Significance
Iatrogenic transmission refers to the unintended spread of a disease due to medical procedures or treatments. The concept of iatrogenic transmission in relation to Alzheimer’s disease (AD) involves a very specific and controversial hypothesis that certain medical procedures might theoretically spread amyloid-β (Aβ) proteins, which are associated with Alzheimer’s disease, from an affected individual to a healthy one, potentially increasing the latter’s risk of developing the disease. AD is characterized by the accumulation of Aβ plaques and tau protein tangles in the brain, leading to neurodegeneration and cognitive decline. The hypothesis of iatrogenic transmission emerged from observations similar to those seen in prion diseases, such as Creutzfeldt-Jakob Disease, where abnormal protein structures can be transmitted between individuals through certain medical procedures, leading to disease. Till now there is no definitive evidence to confirm the iatrogenic transmission of AD in humans through medical procedures. Nonetheless, this area remains of interest for further research, particularly with advances in our understanding of how Aβ and tau proteins behave and interact within the body. The hypothetical risk of iatrogenic transmission of AD has led to recommendations for increased caution and the use of enhanced sterilization techniques for surgical instruments, especially in neurosurgery. It has also prompted a reevaluation of the safety protocols surrounding organ transplantation and the administration of treatments derived from human tissues. To this end, a new study published in Stem Cell Reports Journal and composed of Chaahat Singh, Kelly Marie Johns, Suresh Kari, Lonna Munro, Angela Mathews, Franz Fenninger, Cheryl Pfeifer, and led by Professor Wilfred Jefferies from the University of British Columbia, the authors investigated the transmission of AD pathology through bone marrow stem cell transplantation.

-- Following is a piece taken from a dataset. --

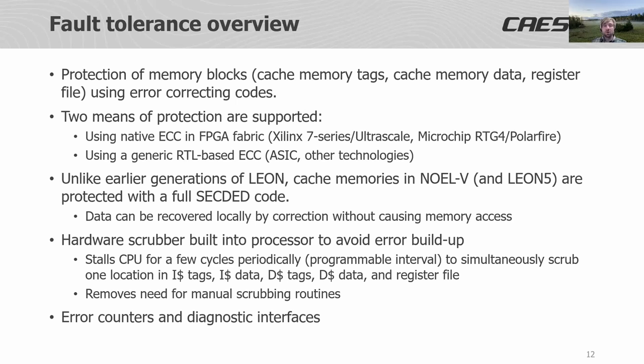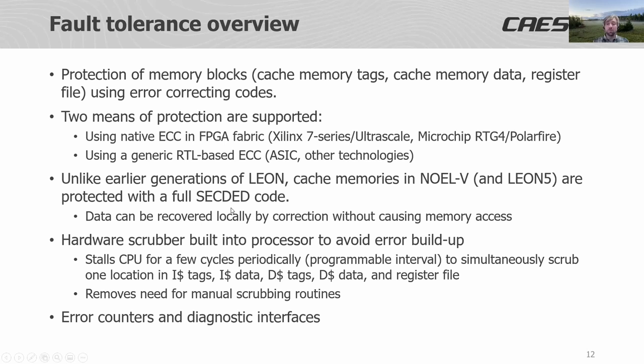Compared to previous processor implementations from us, the cache memories in NOVL5 are protected with a full SECDED code — Single Error Correction and Double Error Detection — meaning we can recover data locally and correct it without doing a memory access. The NOVL5 also has a built-in hardware scrubber to prevent error build-up in memories that would defeat the ECC codes. The scrubber stalls the CPU for a few cycles periodically and scrubs one location in instruction cache, data cache, and the register file, completely removing the need for scrubbing in software. The fault tolerance features also include error counters and diagnostic interfaces for statistics and error injection testing.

To investigate whether AD pathology could be transmitted through bone marrow transplantation, the researchers used donor bone marrow stem cells carrying a mutant human amyloid precursor protein (APP) transgene. These were transplanted into two types of recipient mice: APP-deficient knockout mice and normal wild-type (WT) mice. They used transgenic mice (referred to as AD mice), which express a Swedish mutant form of human APP, known for its association with familial AD. The control group comprised their WT littermates. The recipient groups included APP knockout mice, lacking the endogenous mouse APP gene, and WT mice to assess the effects of the transplanted cells. Following irradiation to deplete their existing bone marrow, recipient mice were transplanted with bone marrow cells from either AD or WT mice. The efficiency of transplantation was verified using markers to distinguish donor from recipient cells.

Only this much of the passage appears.